-------- Source data --------

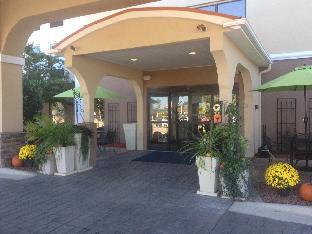 holiday inn express hotel and suites sanford by ihg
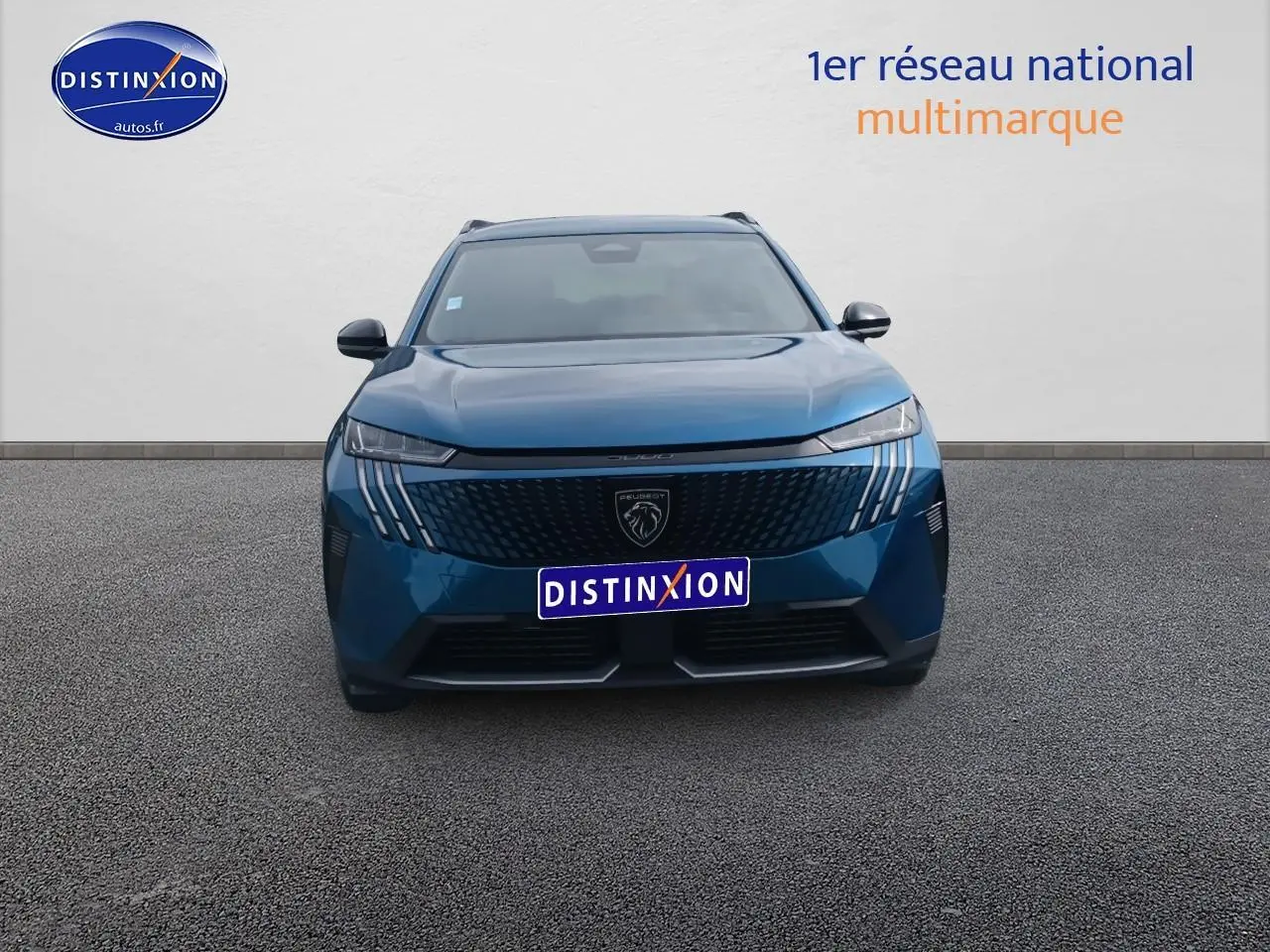 Vue frontale d'un Peugeot 5008 Hybrid 145 allure e-dcs6 bleu avec calandre distinctive et phares LED fins.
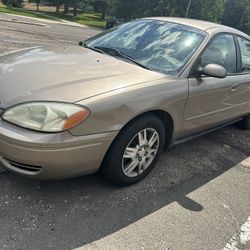 2004 Ford Taurus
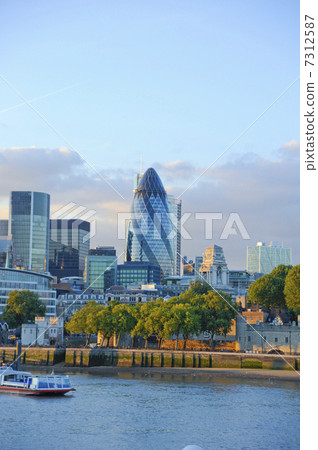 River Thames and Gherkin (Swiss Re building) River Thames and Gherkin (Swiss Re building) 7312587
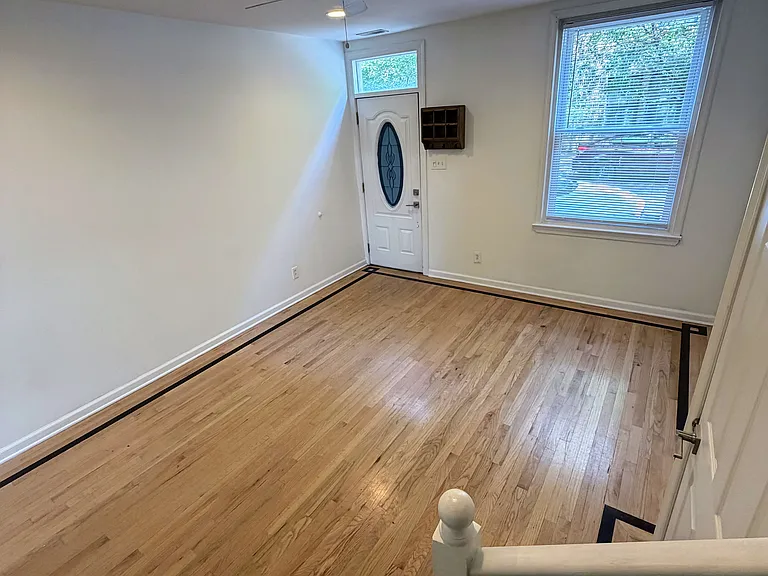 116 W Wildey St — Photo 4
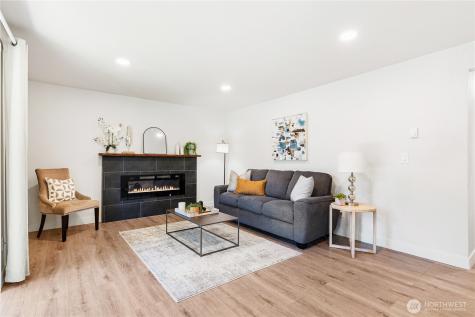 1617 Maple Lane Kent WA 98030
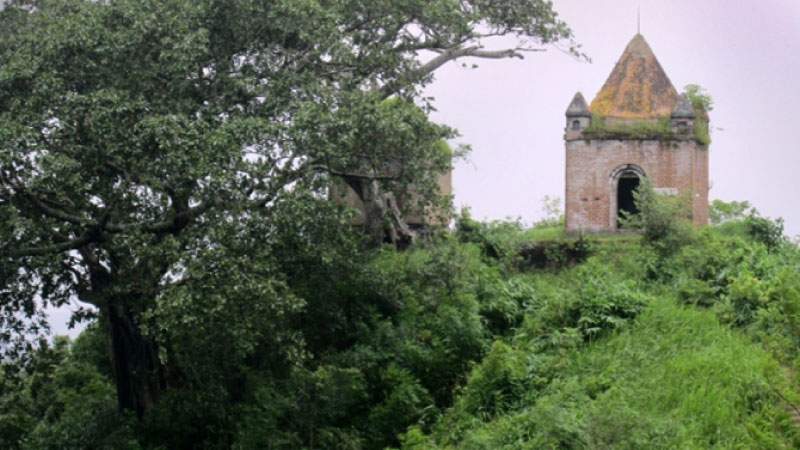 Chandranath Dhaam
Where clouds meet the cliff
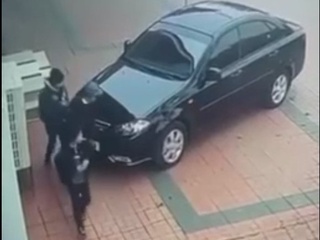 Фарғонада 3-синф ўқувчилари “Gentra” русумли автомобилни ёқиб юборди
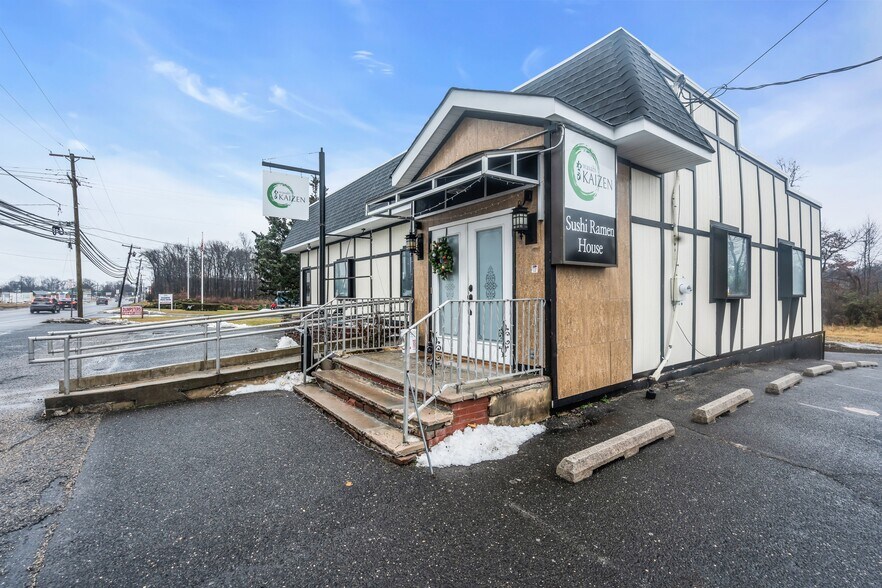 More Photos Of 392 Rt-34, Matawan Restaurant For Sale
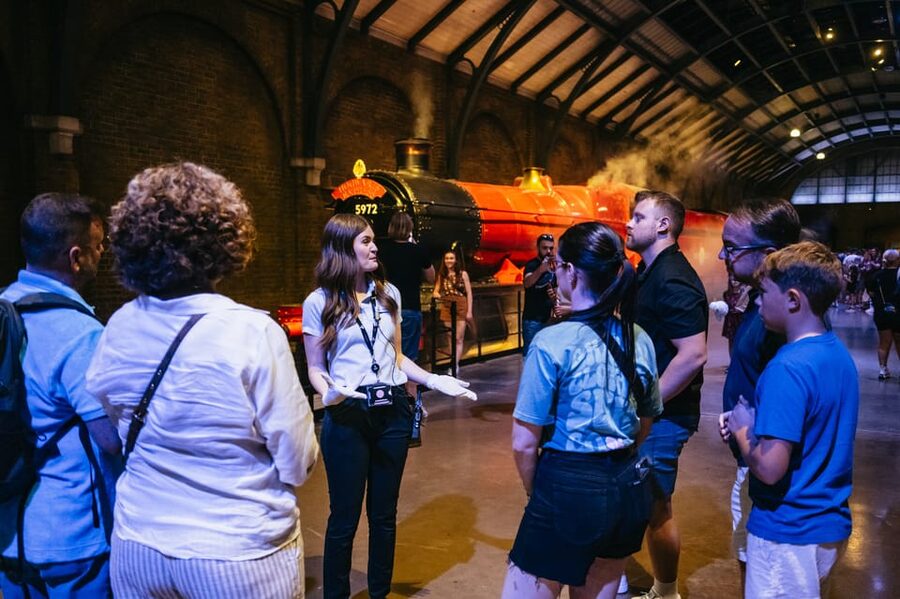 London: Fully-Guided Making of Harry Potter Tour - From Dumbledore’s office to Diagon Alley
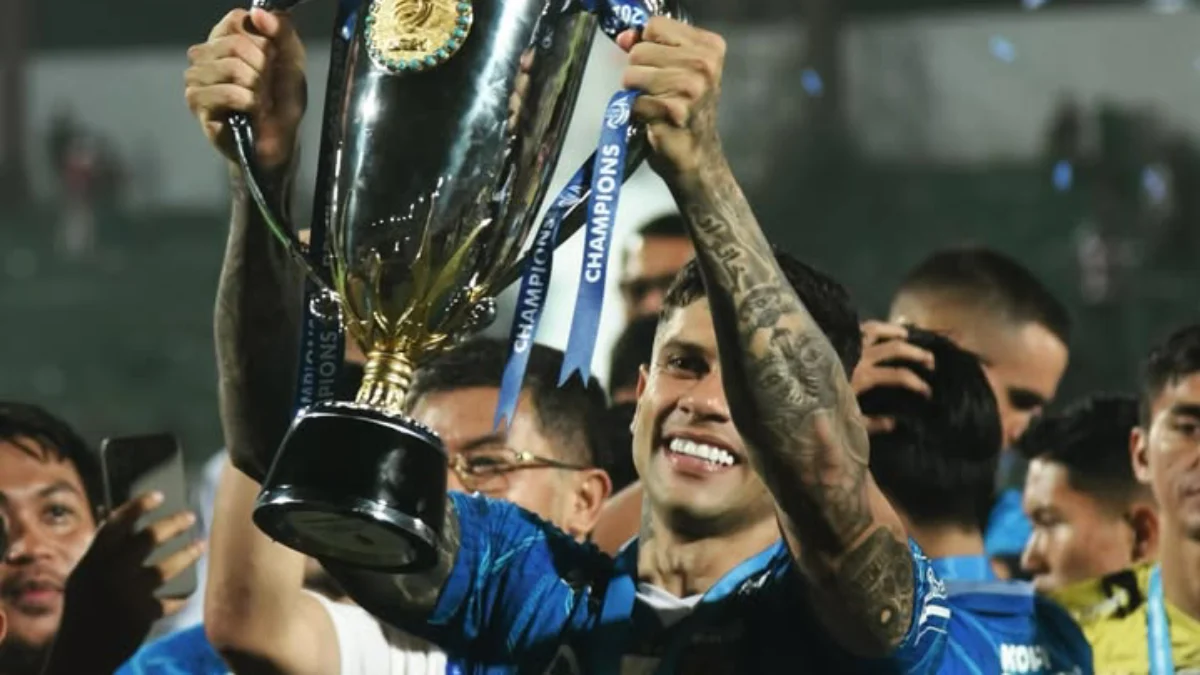 Pamit dari Persib, Lawan PSS jadi Laga Terakhir Ciro Alves di Liga 1? Ciro Alves mengangkat tropi juara Persib Bandung di Liga 1 2023/2024. (Foto: Instagram / cirooficial)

--------

Directions:
The data must be printed exactly, image-free.

Solution to this task:
 holiday inn express hotel and suites sanford by ihg
 Vue frontale d'un Peugeot 5008 Hybrid 145 allure e-dcs6 bleu avec calandre distinctive et phares LED fins.
 2004 Ford Taurus
 River Thames and Gherkin (Swiss Re building) River Thames and Gherkin (Swiss Re building) 7312587
 116 W Wildey St — Photo 4
 1617 Maple Lane Kent WA 98030
 Chandranath Dhaam
Where clouds meet the cliff
 Фарғонада 3-синф ўқувчилари “Gentra” русумли автомобилни ёқиб юборди
 More Photos Of 392 Rt-34, Matawan Restaurant For Sale
 London: Fully-Guided Making of Harry Potter Tour - From Dumbledore’s office to Diagon Alley
 Pamit dari Persib, Lawan PSS jadi Laga Terakhir Ciro Alves di Liga 1? Ciro Alves mengangkat tropi juara Persib Bandung di Liga 1 2023/2024. (Foto: Instagram / cirooficial)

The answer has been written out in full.